◆ **Directions for this task**: Print this span of the material below exactly: the line with "Bei der Rückgabe", the line with "Casa à venda com 480m², 4 quartos e 4 vagas Casa", and every line between them, but nothing else.

◆ **Data listing**:
○ ○ ○ ○ ○ ○ ○
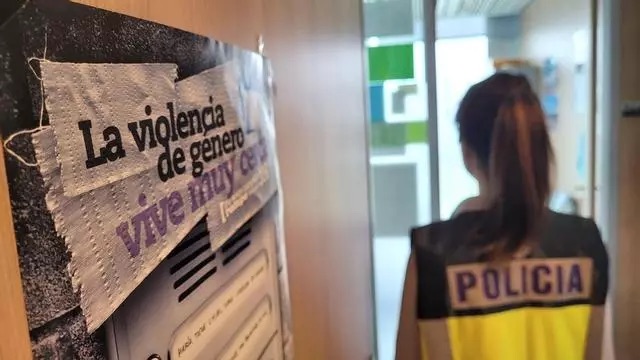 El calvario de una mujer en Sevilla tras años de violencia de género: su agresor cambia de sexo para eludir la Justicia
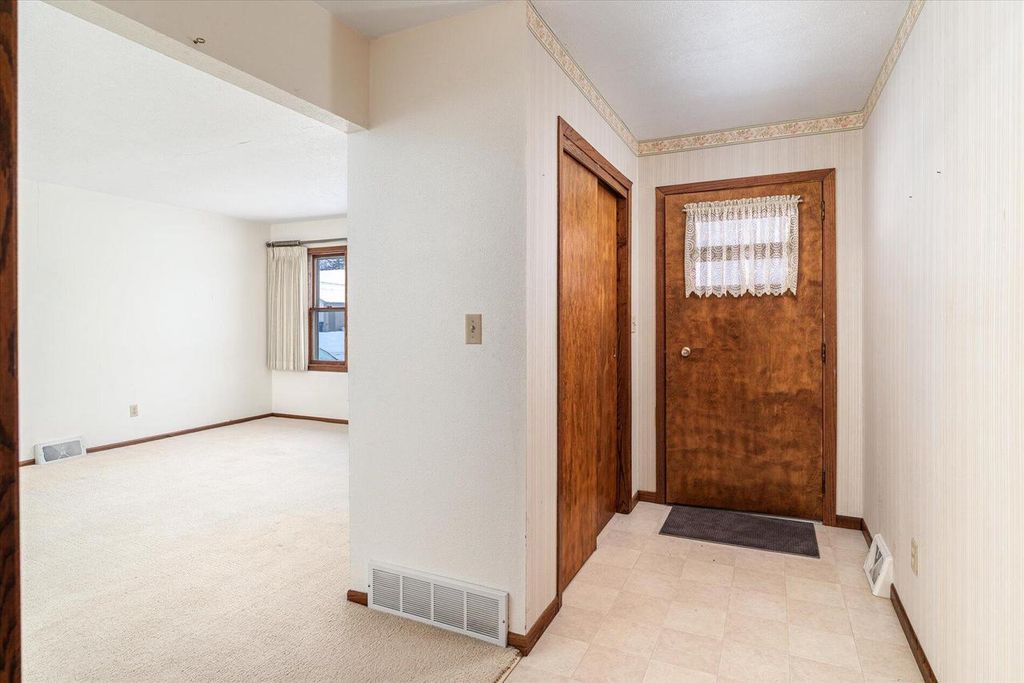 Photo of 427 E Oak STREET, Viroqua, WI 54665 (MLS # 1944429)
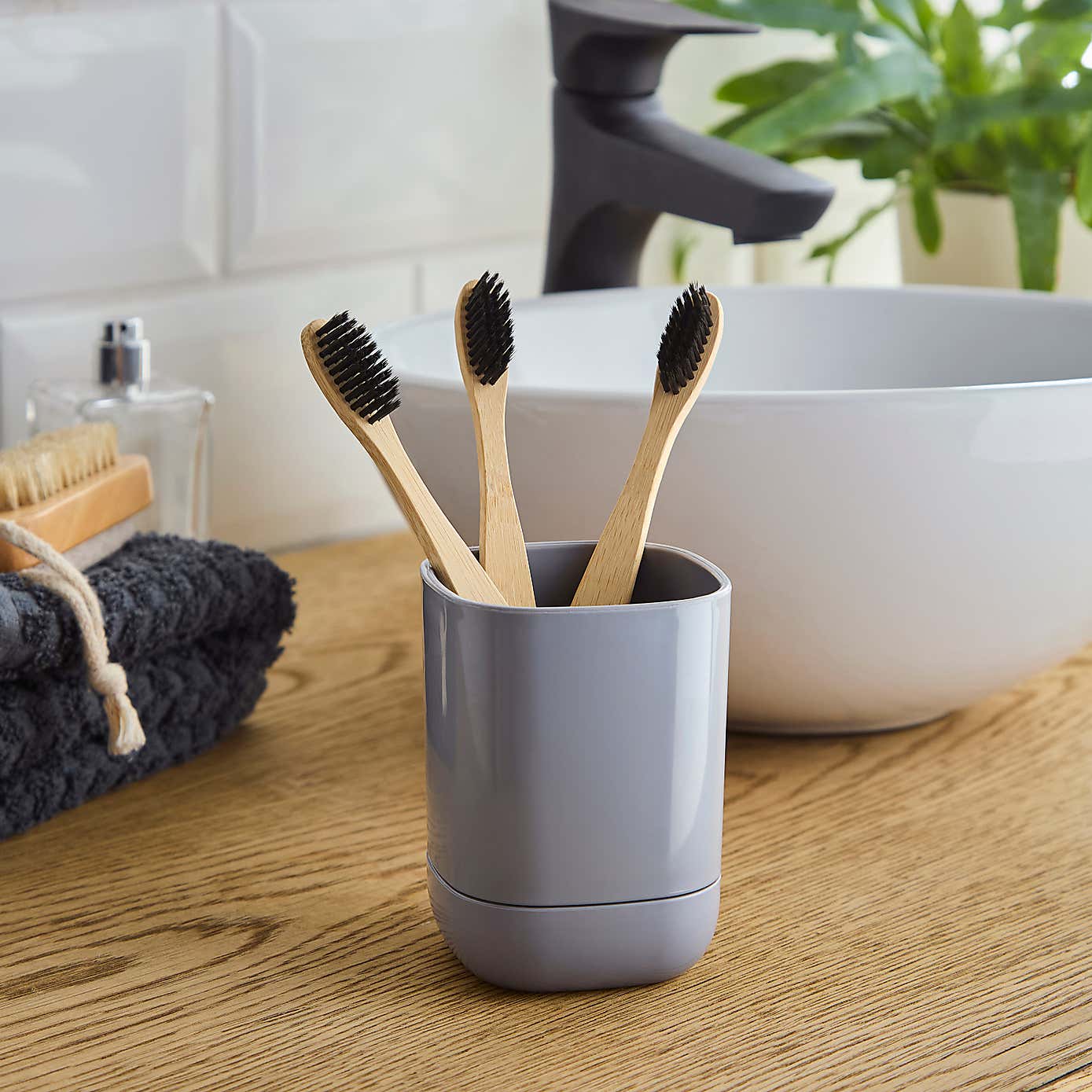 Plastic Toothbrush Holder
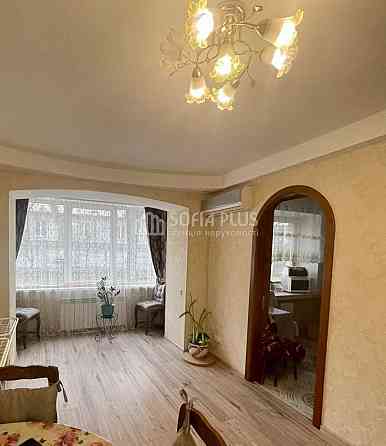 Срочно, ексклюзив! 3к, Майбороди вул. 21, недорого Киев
○ ○ ○ ○ ○ ○ ○
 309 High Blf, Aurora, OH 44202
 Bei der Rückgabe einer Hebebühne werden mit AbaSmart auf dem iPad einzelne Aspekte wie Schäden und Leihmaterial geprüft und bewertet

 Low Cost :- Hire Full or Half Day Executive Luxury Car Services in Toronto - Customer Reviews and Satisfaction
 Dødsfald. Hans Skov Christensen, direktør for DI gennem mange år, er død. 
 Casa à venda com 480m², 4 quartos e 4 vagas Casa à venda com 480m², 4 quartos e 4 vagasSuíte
○ ○ ○ ○ ○ ○ ○
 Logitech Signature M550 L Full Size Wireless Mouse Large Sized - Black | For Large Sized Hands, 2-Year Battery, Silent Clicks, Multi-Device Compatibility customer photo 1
○ ○ ○ ○ ○ ○ ○
◆ **Answer to the exercise**:
 Bei der Rückgabe einer Hebebühne werden mit AbaSmart auf dem iPad einzelne Aspekte wie Schäden und Leihmaterial geprüft und bewertet

 Low Cost :- Hire Full or Half Day Executive Luxury Car Services in Toronto - Customer Reviews and Satisfaction
 Dødsfald. Hans Skov Christensen, direktør for DI gennem mange år, er død. 
 Casa à venda com 480m², 4 quartos e 4 vagas Casa à venda com 480m², 4 quartos e 4 vagasSuíte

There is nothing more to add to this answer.